Zum Inhalt

Overview

The validate_metadata contains two primary Python files responsible for metadata validation.

  1. flow.py
  2. tasks.py

flow.py

This file defines the main flow for validating metadata using the Prefect library, and uses prefect's get_run_logger to log various stages along with the module context and previous module information. The configuration list is also converted to an ISSN list before the validation.

validate_metadata()

  • Required Parameters:

  • name_of_config_file (str): Name of the configuration file. Default is "config-test_crossrefcrawler.json"
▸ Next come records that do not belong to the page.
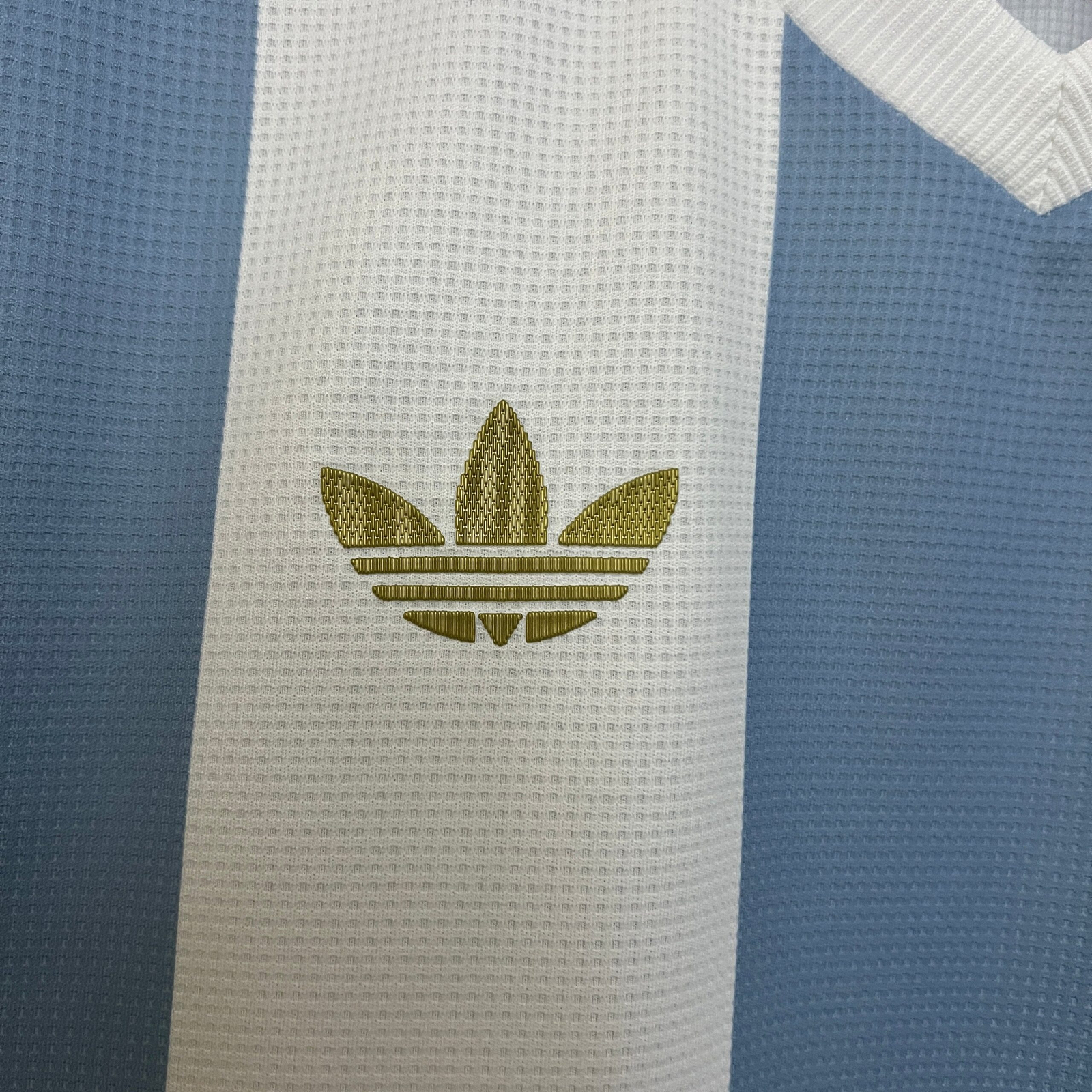 CAMISETA EDICIÓN ESPECIAL ARGENTINA 2024 VERSIÓN FAN - Imagen 4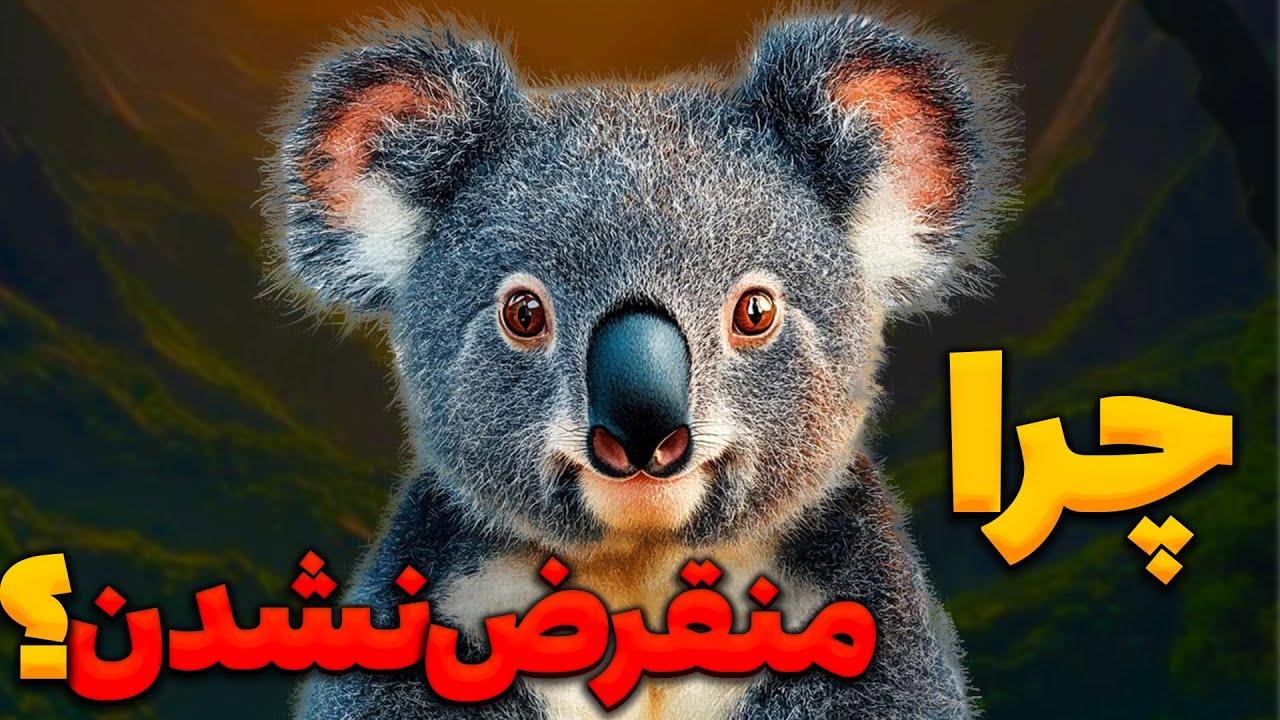 چگونه کوالاها بدون قدرت و سرعت در برابر خطرات زنده مانده‌اند؟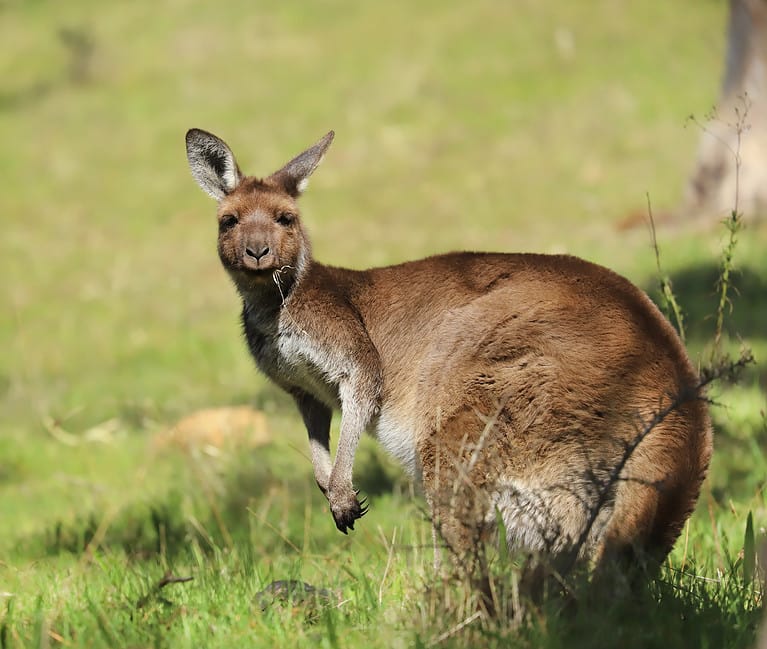 Watch A Happy-Go-Lucky Kangaroo Find Itself In A Three Way Fight with ...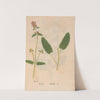 Ectypa vegetabilium Pl.002 (1760-1764) by Christian Gottlieb Ludwig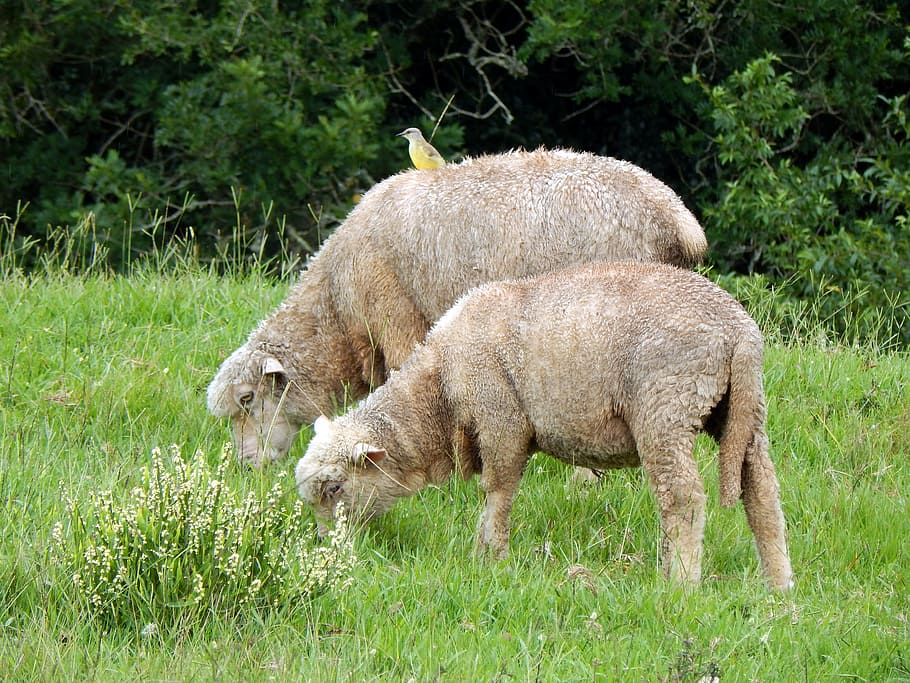 sheep, bird, canguçu, mammal, animal, animal themes, plant HD wallpaper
  • test_copy (bool): Flag to indicate if it is a test run. Default is False

  • Context for Use:

  • This function is the main entry point for the metadata validation flow. It initializes the necessary module specific context and invokes the validation for the current and previous modules (if no previous module exists, it logs the information that the current module is the first module), the ISSN list, date-time and whether it is a test run.

  • Example Usage:

  • python validate_metadata('config-test_crossrefcrawler.json', test_copy=False)

  • Example Output:

  • log INFO: Module name: wdm_module INFO: Set base path to: W:/wdm-test INFO: Module context: {...} INFO: Previous module: previous_wdm_module INFO: ISSN list: ['1234-5678', '8765-4321']


tasks.py

This file contains the task definitions used in the validation flow. It mainly iterates over the ISSNs, validates journal directories, and checks for missing metadata and logs inforation about missing metadata in the articles.

validate()

  • Required Parameters:

  • module_name (str): Name of the current module

  • previous_module (str or None): Name of the previous module, if any
  • issns (list): List of ISSNs to process
  • current_datetime (dict): Dictionary containing the current date and timestamp
  • test_copy (bool): Flag to indicate if it is a test run

  • Context for Use:

  • This function processes each ISSN (journal), validating journal directories and checking for missing metadata. If missing metadata is found and test_copy is False, an exception is raised.

  • Example Usage:

  • python validate('wdm_module', 'previous_wdm_module', ['1234-5678', '8765-4321'], {'date-str': '2024-05-17', 'timestamp': 1716000000}, False)

  • Example Output:

  • log INFO: Previous module: previous_wdm_module INFO: Have to work on 2 journals INFO: Validating journal: 1234-5678 INFO: Validating journal: 8765-4321


mark_missing_metadata()

  • Required Parameters:

  • module_name (str): Name of the current module

  • latest_previous_module (pathlib.Path): Path to the latest previous module directory
  • missing_metadata (list): List of missing metadata fields

  • Context for Use:

  • This function logs and marks articles with missing metadata, creating a file to record these issues.

  • Example Usage:

  • python latest_previous_module = utils.get_previous_module_latest(previous_module, article_dir) mark_missing_metadata('wdm_module', latest_previous_module, ['module_title', 'module_author'])

  • Example Output:

If there is missing metadata, a file is created at the path //missing_metadata.txt with error message in the format: - log journal_issn journal_doi, module_title, module_author


The Lower-level functions in tasks.py are listed below

get_missing_metadata()

  • Required Parameters:

  • module_name (str): Name of the current module

  • latest_previous_module (pathlib.Path): Path to the latest previous module directory

  • Context for Use:

  • This function checks whether important metadata components like author, title, license, issued year, publisher and description are present and returns the missing metadata.

  • Example Usage:

  • python latest_previous_module = utils.get_previous_module_latest(previous_module, article_dir) get_missing_metadata('wdm_module', latest_previous_module)


should_mark_stop()

  • Required Parameters:

  • missing_metadata (list): List of missing metadata fields

  • Context for Use:

  • This function checks whether there is any missing metadata, and returns True if metadata is missing, otherwise it returns False.